Have you got enough space for about 100mm of concrete?


----------



## morturn (18 Apr 2017)

It’s not a problem, cement only needs a small amount of water to hydrate, the rest is to make the mix workable and compatible.
Once its set, then keep it damp for a time, ideally a month to cure. It’s quite strong after a week, so don’t be too worried.

I cannot quite work out from what you’re saying about the thickness, but aim for at least 5” thickness of concrete, otherwise it may distort. Also try to get it down, laid and tamped reasonably quickly. Trowel it off once it has gone into its initial stiffness stage.


----------



## [email protected] (18 Apr 2017)

@ Robin, yes I would need sand as well as you say but only if using a DPC?

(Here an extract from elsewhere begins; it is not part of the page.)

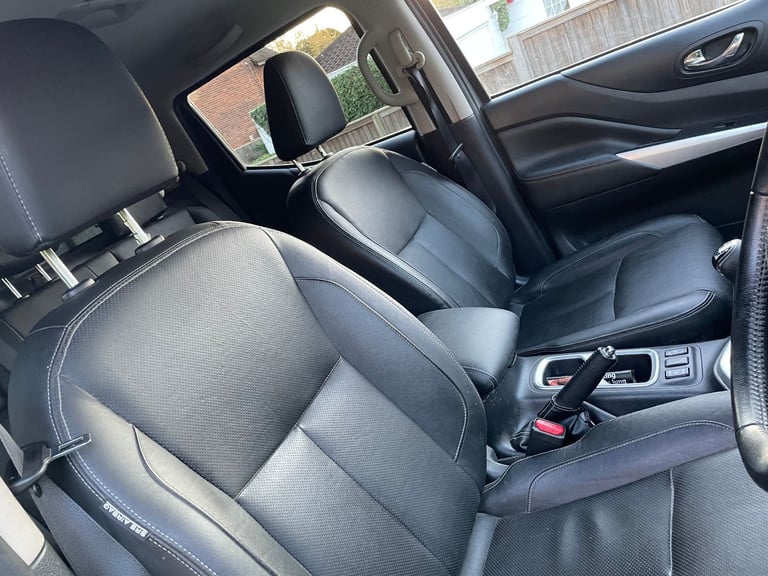 2020 nissan Navara 2.3 low miles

re. depth of concrete - theres alot of voids so I'm basing materials on 100 to 125mm of concrete as an average once it runs into the gaps. ie in some places 125mm in others 50mm.

I'm a bit worried I'm getting this wrong! got a ton of ballast arriving on the lawn tomorrow then off to get 9 bags of cement!


----------



## Robbo3 (19 Apr 2017)

Matt, I don't know where you got your info from but you seem to be laying a base suitable for vehicle traffic.
Even the poorest slab in concrete is going to be more than adequate for a storage shed. All it needs to be is flat.
I've laid a few slabs in my time & I've never heard of preventing the water soaking away in fact probably the reverse. When laying foundations in trenches the ready mixed concrete lorry driver will often offer to add extra water so that you get a runny mix that travels on its own & self levels. Not saying that's the right way to do it for every circumstance but it worked for me.


----------



## John15 (19 Apr 2017)

For higher spec slabs it is good practice to prevent the loss of cement and free water into the sub-base voids before the mix sets by placing a plastic membrane or concrete blinding but for a garden shed base it wouldn't be necessary. 

John


----------



## [email protected] (19 Apr 2017)

some great replies thanks  looks like I'm on the right track then after all!


----------



## Lons (19 Apr 2017)

Overkill imo for a small 7 x 7 shed to keep a mower and garden tools. You could park a car on 100 concrete, in fact many post war semis had driveways of 2 lines of 3 x 2 conc flags laid on hardcore and a rough sand / cement base. 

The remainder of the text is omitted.